I have been reviewing this great book and I think I found an error not listed in the errata. In example 7.3.21, the authors finish off with the argument that $X-\frac{1}{2}$ is not the best unbiased estimator for $\theta$ for an uniform$(\theta,\theta+1)$ distribution. In fact even $X-\frac{1}{2}+\frac{sin(2\pi X)}{2\pi}$ is better since its is unbiased AND has variance .071. But I think that this last estimator has variance $\frac{1}{12}+\frac{1}{8\pi^2}-\frac{cos(2\pi\theta)}{2\pi^2}$ and hence the new estimator is better only when $\frac{1}{8\pi^2}-\frac{cos(2\pi\theta)}{2\pi^2}<0$
I apologize in advance if this question has already been asked.

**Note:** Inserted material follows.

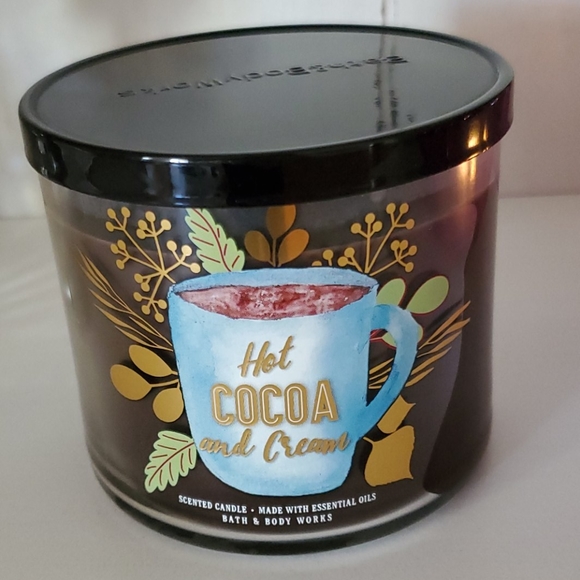 Bath & Body Works Candle 🕯 - Picture 2 of 4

For those who not have the book, a brief summary: let $X \sim \text{uniform}(\theta, \theta + 1)$. Then its expected value is $\theta + \dfrac{1}{2}$ and thus one unbiased estimator of $\theta$ is $X - \dfrac{1}{2}$, which has variance $\dfrac{1}{12}$. In particular, for this distribution, unbiased estimators of zero are periodic functions $h$ with period $1$ by the Fundamental Theorem of Calculus, and using the fact that we desire that $$\int_{\theta}^{\theta + 1}h(x)\text{ d}x = 0 \text{ for all }\theta\text{.}$$ One such function is $h(x) = \sin(2\pi x)$.
The authors demonstrate that $\text{Cov}\left(X - \dfrac{1}{2}, h(X)\right) = -\dfrac{\cos(2\pi\theta)}{2\pi}$, and because $X - \dfrac{1}{2}$ is correlated with an unbiased estimator of $0$, it cannot be a best unbiased estimator of $\theta$.
Now, let's consider $$Y = X - \dfrac{1}{2} + \dfrac{\sin(2\pi X)}{2\pi}\text{.}$$ From the prior discussion, $Y$ is obviously unbiased. For the variance, we have that \begin{align} \text{Var}(Y) &= \text{Var}\left(X - \dfrac{1}{2} + \dfrac{\sin(2\pi X)}{2\pi} \right) \\ &= \text{Var}\left(X + \dfrac{\sin(2\pi X)}{2\pi}\right) \\ &= \text{Var}(X) + \dfrac{1}{4\pi^2}\text{Var}\left(\sin(2\pi X) \right) + 2\cdot \text{Cov}\left(X, \dfrac{\sin(2\pi X)}{2\pi}\right) \\ &= \dfrac{1}{12} + \dfrac{1}{4\pi^2}\text{Var}\left(\sin(2\pi X) \right) + \dfrac{2}{2\pi}\cdot \text{Cov}(X, h(X)) \\ &= \dfrac{1}{12} + \dfrac{1}{4\pi^2}\text{Var}\left(\sin(2\pi X) \right) + \dfrac{1}{\pi} \cdot \left[-\dfrac{\cos(2\pi \theta)}{2\pi}\right] \\ &= \dfrac{1}{12} + \dfrac{1}{4\pi^2}\text{Var}(\sin(2\pi X)) - \dfrac{1}{2\pi^2}\cos(2\pi\theta)\text{.} \end{align} Now using the fact that $\sin^2(2\pi X)$ is an unbiased estimator of $0$, $$\text{Var}(\sin(2\pi X)) = \mathbb{E}\left[\sin^2(2\pi X) \right] = \int_{\theta}^{\theta + 1}\sin^2(2\pi x)\text{ d}x = \dfrac{1}{2}$$ hence we have $$\text{Var}(Y) = \dfrac{1}{12} + \dfrac{1}{8\pi^2} - \dfrac{1}{2\pi^2}\cos(2\pi\theta)\text{.}$$ There is a bit of nuance that must be pointed out from the textbook:
The authors do not claim that $Y$ is a best unbiased estimator for $\theta$. Rather, we can see that via WolframAlpha:
which, as pointed out in the original question, only occurs for certain values of $\theta$, and not over all $\theta \in \mathbb{R}$.
However, what this does show is that $X - \dfrac{1}{2}$ cannot be a best unbiased estimator of $\theta$, because it must have the uniformly smallest variance out of all unbiased estimators of $\theta$.
Thus, there is no typo to correct in the book.